UNION
and UNION ALL
are very similar - both combines result-set of SELECT
queries, but the final sets are different. Let me allow to show you differences.
The background
In the beginning, I want to show how my tables in DB look. For my tests, I have 2 tables: posts
and pages
. Both contains 2 rows:
Pages:
Posts:
The result-sets
I want to count how many contents (posts and pages) was created by every user (created_by_id
). Firstly, I'm trying using UNION. It's my query:
SELECT
created_by_id,
SUM(count) as total
FROM
(
SELECT
created_by_id,
count(*) as count
FROM pages
GROUP BY created_by_id
UNION
SELECT
created_by_id,
count(*) as count
FROM posts
GROUP BY created_by_id
) as counts
GROUP BY created_by_id
There's the result-set:
The result-set is wrong! It should contain 2 for every user.
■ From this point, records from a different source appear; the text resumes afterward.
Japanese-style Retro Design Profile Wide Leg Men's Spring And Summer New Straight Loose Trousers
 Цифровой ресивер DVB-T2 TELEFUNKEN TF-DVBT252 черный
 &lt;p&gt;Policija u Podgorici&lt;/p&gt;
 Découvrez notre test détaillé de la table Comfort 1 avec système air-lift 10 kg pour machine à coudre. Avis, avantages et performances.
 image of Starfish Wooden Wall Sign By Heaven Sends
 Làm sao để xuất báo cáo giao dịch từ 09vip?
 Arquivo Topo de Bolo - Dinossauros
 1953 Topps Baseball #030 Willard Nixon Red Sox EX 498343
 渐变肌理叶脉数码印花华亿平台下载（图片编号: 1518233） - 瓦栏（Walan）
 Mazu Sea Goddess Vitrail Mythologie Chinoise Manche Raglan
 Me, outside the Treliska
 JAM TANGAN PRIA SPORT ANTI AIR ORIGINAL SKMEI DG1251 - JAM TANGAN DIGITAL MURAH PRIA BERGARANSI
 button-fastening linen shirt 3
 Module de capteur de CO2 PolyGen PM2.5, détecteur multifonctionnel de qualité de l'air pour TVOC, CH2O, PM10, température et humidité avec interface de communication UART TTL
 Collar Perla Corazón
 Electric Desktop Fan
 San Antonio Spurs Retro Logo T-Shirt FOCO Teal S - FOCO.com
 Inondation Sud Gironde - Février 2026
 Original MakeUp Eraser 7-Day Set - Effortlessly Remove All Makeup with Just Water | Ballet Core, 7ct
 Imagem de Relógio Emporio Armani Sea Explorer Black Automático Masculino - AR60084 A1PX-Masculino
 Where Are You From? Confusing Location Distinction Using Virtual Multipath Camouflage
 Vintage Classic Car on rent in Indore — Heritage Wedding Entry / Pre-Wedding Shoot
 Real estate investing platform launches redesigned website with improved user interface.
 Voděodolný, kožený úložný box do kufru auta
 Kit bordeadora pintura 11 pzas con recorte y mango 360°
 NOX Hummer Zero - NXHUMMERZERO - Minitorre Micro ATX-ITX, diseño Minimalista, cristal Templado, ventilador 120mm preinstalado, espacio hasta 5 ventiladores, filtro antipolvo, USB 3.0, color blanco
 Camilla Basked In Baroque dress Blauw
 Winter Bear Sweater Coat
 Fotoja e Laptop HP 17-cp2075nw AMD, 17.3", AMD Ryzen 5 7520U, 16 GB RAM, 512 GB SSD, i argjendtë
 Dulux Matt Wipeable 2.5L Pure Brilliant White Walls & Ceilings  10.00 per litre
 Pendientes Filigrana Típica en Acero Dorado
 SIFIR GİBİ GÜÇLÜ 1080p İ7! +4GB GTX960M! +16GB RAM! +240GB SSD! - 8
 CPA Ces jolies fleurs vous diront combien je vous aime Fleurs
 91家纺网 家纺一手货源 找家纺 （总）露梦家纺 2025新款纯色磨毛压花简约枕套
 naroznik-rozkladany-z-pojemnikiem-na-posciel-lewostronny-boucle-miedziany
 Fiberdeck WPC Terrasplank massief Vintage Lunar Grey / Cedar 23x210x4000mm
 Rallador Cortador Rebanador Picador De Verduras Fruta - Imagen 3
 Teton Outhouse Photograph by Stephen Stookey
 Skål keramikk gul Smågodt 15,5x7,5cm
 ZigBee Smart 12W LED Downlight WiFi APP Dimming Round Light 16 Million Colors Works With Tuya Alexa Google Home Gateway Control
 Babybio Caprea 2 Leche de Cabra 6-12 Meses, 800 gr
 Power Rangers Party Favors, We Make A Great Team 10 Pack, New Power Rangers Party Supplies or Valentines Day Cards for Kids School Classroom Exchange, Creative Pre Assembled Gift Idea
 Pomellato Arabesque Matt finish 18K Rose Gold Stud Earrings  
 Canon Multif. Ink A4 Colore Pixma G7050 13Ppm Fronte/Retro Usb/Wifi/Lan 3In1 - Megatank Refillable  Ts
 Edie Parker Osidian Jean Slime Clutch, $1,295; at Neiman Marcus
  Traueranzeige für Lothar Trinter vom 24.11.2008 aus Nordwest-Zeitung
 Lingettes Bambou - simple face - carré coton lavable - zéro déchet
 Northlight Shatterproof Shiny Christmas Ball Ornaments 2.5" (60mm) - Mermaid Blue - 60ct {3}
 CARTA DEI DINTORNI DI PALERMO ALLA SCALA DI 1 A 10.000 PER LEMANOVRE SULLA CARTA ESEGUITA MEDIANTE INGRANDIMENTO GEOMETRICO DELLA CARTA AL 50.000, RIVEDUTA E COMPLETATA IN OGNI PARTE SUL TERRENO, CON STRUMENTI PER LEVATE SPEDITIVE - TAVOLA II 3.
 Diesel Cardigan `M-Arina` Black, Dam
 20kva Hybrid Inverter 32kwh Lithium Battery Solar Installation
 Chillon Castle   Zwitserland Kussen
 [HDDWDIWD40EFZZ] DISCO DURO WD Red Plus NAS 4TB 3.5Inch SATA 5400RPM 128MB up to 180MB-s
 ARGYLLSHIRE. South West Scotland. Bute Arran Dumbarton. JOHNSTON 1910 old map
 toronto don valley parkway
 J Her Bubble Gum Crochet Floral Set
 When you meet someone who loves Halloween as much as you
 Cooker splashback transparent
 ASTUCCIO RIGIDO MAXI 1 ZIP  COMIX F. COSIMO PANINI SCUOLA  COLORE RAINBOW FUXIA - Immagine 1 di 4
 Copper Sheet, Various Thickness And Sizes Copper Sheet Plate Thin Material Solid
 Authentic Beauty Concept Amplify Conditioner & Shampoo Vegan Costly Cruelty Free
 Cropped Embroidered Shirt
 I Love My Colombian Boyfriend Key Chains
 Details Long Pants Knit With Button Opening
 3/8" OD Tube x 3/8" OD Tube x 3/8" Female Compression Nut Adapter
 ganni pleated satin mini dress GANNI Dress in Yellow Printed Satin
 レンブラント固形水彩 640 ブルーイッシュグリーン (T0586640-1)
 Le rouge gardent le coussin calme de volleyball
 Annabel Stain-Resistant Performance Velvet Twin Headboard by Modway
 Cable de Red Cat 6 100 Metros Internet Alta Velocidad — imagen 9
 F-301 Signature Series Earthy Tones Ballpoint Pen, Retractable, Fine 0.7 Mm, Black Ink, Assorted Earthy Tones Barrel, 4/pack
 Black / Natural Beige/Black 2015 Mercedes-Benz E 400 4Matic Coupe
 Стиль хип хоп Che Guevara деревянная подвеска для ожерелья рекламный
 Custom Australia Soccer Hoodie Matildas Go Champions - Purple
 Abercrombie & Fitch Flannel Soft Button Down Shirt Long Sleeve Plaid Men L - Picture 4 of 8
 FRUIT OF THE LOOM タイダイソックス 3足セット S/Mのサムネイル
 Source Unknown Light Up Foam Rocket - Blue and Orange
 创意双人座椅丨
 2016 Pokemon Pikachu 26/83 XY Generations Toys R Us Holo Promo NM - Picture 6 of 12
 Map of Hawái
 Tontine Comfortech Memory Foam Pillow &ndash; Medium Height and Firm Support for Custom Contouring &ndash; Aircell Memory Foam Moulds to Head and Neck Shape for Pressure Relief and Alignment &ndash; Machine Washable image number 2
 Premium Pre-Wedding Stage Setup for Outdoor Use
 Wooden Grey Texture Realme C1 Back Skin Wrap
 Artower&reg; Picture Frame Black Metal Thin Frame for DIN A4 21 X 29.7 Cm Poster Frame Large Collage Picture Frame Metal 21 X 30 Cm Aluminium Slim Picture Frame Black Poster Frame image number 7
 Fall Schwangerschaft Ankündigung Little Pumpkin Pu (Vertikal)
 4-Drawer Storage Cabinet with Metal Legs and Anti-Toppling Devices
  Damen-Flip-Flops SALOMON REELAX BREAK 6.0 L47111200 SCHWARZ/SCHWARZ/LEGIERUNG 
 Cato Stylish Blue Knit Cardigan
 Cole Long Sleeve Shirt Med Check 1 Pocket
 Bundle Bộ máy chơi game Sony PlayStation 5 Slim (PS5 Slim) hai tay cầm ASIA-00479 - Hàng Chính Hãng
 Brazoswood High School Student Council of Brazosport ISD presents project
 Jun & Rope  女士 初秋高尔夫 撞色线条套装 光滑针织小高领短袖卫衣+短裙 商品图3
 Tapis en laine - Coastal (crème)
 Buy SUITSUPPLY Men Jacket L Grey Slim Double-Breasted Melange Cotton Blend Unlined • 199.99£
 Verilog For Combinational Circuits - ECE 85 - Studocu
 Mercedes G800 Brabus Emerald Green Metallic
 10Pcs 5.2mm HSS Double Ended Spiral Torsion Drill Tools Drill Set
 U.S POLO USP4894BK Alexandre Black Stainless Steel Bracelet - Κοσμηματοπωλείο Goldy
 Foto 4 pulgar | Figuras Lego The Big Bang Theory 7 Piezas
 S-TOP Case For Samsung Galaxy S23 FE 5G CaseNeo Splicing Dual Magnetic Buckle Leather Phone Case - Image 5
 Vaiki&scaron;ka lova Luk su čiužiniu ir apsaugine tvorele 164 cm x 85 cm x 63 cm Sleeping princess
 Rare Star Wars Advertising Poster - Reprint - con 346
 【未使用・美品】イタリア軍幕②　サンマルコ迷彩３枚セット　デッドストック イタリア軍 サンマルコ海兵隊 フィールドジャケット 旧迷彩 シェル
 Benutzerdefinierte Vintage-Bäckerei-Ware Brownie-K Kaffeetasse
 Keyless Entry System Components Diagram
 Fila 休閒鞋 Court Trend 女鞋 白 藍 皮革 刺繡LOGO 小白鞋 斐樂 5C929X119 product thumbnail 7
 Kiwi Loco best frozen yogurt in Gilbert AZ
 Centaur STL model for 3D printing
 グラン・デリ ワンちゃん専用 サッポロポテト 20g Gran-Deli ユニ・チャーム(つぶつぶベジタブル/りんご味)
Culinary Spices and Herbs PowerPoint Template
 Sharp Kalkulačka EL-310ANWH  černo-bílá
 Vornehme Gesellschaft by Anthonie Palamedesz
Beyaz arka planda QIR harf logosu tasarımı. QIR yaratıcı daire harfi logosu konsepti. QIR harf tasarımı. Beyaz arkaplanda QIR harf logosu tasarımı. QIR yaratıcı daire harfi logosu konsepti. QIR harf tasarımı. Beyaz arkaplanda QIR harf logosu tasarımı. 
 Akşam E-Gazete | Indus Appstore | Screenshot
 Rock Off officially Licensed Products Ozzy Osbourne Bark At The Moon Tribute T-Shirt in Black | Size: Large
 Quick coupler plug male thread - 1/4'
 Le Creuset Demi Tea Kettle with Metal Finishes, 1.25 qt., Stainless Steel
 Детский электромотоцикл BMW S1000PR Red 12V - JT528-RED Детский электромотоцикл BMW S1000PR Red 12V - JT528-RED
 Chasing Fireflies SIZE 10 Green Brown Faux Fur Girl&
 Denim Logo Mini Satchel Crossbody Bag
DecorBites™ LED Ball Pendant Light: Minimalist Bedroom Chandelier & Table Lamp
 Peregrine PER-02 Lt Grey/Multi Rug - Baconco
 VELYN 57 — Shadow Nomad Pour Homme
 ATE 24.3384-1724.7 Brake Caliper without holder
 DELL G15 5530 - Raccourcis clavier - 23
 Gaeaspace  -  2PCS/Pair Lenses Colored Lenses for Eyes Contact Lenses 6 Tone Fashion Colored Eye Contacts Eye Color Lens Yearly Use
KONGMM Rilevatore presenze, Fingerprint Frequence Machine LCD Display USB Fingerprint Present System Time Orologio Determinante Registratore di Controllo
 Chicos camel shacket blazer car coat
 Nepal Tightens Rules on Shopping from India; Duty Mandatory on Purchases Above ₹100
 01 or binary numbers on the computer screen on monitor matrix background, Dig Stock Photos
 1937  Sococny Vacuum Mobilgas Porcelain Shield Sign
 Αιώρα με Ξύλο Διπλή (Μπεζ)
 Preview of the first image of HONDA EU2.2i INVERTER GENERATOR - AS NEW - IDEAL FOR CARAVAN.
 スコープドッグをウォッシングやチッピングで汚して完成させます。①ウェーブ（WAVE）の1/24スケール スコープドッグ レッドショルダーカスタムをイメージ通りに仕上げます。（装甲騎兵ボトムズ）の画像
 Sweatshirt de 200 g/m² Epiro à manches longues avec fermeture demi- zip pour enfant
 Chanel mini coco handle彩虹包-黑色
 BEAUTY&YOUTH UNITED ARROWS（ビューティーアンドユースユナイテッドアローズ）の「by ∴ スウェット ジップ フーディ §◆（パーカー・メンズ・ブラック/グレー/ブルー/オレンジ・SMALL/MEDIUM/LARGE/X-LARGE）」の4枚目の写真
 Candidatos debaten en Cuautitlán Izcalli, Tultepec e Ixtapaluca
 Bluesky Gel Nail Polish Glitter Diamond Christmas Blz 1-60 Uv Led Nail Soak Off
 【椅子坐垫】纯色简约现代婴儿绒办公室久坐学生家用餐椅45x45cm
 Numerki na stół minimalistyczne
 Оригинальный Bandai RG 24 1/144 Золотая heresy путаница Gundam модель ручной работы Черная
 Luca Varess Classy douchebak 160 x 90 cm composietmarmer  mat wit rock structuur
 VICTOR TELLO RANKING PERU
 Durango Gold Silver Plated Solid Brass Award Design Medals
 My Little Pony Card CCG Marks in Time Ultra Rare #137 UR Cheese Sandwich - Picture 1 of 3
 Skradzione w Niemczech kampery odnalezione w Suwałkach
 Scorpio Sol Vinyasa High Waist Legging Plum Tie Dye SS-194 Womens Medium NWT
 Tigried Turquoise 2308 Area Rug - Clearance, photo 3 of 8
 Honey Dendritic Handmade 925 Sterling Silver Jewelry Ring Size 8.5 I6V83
Why the result-set is wrong?
SELECT created_by_id, count(*) as count FROM posts GROUP BY created_by_id
and
SELECT created_by_id, count(*) as count FROM pages GROUP BY created_by_id
return the same result-sets. Both tables contain 1 row for every user. UNION
combines 2 result-sets, but it only returns unique rows. In my case, both tables return the same set, so UNION
skips one of them.
How to solve it?
If you want to return all data (including duplicated results), you need to use UNION ALL
. Have a look on the query:
SELECT
created_by_id,
SUM(count) as total
FROM
(
SELECT
created_by_id,
count(*) as count
FROM pages
GROUP BY created_by_id
UNION ALL
SELECT
created_by_id,
count(*) as count
FROM posts
GROUP BY created_by_id
) as counts
GROUP BY created_by_id
I just replaced UNION
to UNION ALL
. Now the result-set looks correctly.
What is faster?
I inserted 10 000 rows into both tables. On my local machine, UNION ALL
is executed by 10-15 ms, UNION
is executed in the same time.
Summary
You have to be very careful while using UNION
and UNION ALL
. They return different data, so you have to know what exactly you expect. Debugging these issues is difficult.